Yet another silly law, but it's the law, nonetheless.  

Some people may assert "well, it doesn't hurt anyone but crooks," given that they exempt "hand forged" swords, but I doubt they realize that there's no shortage of really cheap "hand forged swords" out there.  

Just as a few examples:

http://shop.ebay.com/?_from=R40&_tr...=hand+forged+katana&_sacat=See-All-Categories


----------



## Bob Hubbard

Stupid laws like this are intended to disarm the public, make the passers look like heroes, and do nothing to actually stop crime since criminals don't obey the law.  Idiot laws I call them as only an idiot supports em.


----------



## celtic_crippler

Is it still legal to own a shillelagh?


----------



## arnisador

Sheesh!


----------



## mwd0818

I don't agree necessarily, but I will at least point out a counter argument to the idea that _laws like this only hurt law-abiding citizens, the criminals are criminals because they don't care about the law_.

This is true, but in today's society with lawyers and legal loopholes and litigation, there is an advantage to having laws like this on the books.  It becomes additional grounds for prosecuting real criminals.  Arrest a person and charge him with assault with a deadly weapon (samurai sword for example).  Criminal's lawyer finds a legal loophole and the charge is dismissed.  Criminal walks.

Add in these silly laws, and that same guy is charged with Assault with a Deadly Weapon, Possession of a Samurai Sword, etc. . . Now, at least there are more things that could possibly go through to a conviction, and if that law didn't exist, it eliminates a possibility of prosecution.

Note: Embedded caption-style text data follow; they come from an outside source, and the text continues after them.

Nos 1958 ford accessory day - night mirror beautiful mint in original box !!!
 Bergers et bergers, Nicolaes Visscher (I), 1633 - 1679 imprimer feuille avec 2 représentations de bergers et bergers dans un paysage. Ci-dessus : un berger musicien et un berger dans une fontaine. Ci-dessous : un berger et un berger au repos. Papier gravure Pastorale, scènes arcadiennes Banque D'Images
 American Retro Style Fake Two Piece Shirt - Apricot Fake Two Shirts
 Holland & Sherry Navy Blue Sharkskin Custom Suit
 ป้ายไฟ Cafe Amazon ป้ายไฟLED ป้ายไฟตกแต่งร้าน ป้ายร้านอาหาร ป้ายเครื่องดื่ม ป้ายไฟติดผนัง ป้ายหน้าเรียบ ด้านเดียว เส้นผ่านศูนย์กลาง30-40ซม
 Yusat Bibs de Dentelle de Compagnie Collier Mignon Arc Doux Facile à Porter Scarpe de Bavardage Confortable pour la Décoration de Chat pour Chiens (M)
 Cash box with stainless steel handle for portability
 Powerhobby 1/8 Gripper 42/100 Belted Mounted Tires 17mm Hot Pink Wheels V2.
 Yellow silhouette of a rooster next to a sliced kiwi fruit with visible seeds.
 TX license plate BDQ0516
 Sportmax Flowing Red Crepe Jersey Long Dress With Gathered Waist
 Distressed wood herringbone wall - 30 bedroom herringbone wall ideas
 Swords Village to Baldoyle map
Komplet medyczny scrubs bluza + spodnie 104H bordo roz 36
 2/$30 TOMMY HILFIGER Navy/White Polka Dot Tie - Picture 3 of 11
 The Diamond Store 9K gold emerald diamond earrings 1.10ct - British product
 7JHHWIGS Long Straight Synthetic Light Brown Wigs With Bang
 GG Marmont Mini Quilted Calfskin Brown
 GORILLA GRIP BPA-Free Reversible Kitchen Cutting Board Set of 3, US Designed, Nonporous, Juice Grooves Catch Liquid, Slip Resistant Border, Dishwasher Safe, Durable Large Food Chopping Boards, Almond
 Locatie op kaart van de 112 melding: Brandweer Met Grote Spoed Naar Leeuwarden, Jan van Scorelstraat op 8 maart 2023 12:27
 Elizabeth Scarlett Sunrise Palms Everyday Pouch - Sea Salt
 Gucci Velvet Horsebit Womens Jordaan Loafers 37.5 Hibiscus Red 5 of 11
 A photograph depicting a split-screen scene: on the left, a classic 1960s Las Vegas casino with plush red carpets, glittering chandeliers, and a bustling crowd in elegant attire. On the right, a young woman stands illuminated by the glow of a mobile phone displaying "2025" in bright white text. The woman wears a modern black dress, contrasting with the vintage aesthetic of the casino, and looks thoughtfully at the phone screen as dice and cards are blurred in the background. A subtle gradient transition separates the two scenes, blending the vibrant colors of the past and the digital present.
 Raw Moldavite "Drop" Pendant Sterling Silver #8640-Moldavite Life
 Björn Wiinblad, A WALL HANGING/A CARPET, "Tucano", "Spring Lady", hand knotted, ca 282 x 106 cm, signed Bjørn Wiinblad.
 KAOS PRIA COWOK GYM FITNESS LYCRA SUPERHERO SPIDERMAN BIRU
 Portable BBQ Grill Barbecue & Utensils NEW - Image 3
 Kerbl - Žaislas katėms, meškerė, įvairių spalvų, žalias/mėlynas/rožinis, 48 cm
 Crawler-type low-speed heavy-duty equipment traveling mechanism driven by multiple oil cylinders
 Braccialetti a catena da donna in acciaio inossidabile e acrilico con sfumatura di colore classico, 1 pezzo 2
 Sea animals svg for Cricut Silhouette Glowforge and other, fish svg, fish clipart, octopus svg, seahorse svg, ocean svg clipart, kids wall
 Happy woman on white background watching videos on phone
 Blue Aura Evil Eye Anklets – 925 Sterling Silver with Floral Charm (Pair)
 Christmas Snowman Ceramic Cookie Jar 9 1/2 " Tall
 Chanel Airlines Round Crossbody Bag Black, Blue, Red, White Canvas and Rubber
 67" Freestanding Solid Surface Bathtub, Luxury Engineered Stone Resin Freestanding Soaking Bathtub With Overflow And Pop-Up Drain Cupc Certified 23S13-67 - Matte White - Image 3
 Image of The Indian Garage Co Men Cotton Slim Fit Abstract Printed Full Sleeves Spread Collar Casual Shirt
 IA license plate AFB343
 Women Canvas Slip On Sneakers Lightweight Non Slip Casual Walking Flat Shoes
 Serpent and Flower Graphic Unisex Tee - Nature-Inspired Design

Not that I necessarily agree with it, but it is an advantage to having these type things on the books and I think worth at least acknowledging.  I look at these things kind of like welfare . . .

In theory I think they are on to something . . . 

In practice . . .  they are often missing entirely.


----------



## Tez3

Can I point out this is in Eire and Ireland is two countries,Northern Ireland and Eire. Both have their own governments which are voted in by the electorate who don't seem to be complaining. They may however take umbrage at being thought stupid to pass such laws, however it's their country, their laws, up to them.


----------



## shesulsa

I keep waiting to find soylent green on the shelf at the grocery.


----------



## grydth

Tez3 said:


> Can I point out this is in Eire and Ireland is two countries,Northern Ireland and Eire. Both have their own governments which are voted in by the electorate who don't seem to be complaining. They may however take umbrage at being thought stupid to pass such laws, however it's their country, their laws, up to them.



Agreed as to sovereignty issues, but stupid laws are just that irrespective of locale or nation. 

Here in New York State, we have one of the stupider laws with regard to martial art weapons.... so I am not singling out the Irish nor would I be condescending about it. 

I should most wish to see an Offensive Politician Act, banning those shallow beings who steal our freedom and thereby make us *less* safe.

I would also note that increasing conviction rates is not always a good thing - not when we are criminalizing ordinary people while the actual killers and slashers too often run free.... a disgusting situation most often noted right here in the USA.


----------



## MA-Caver

When weapons are outlawed only outlaws will have weapons! 

Didn't they do this in Australia not too long ago? 

Wonders how long before it crosses the pond to here?


----------



## CoryKS

Sweet!   Say good bye to violent crime in Eire!


----------



## celtic_crippler

shesulsa said:


> I keep waiting to find soylent green on the shelf at the grocery.


 
But....it's....PEOPLE! 



CoryKS said:


> Sweet! Say good bye to violent crime in Eire!


 
Absolutely! They have nothing else to worry about now! LOL


----------



## Bob Hubbard

I don't care if they are offended.  Similar laws are passing here....I have the same amount of contempt for them.


----------



## Ken Morgan

Stupid useless laws.

Sukerkin will know better then I, but in the UK you must belong to a MA club or be a collector to own a sword. 

Is it any wonder so many kids in the UK run around with screw drivers now? 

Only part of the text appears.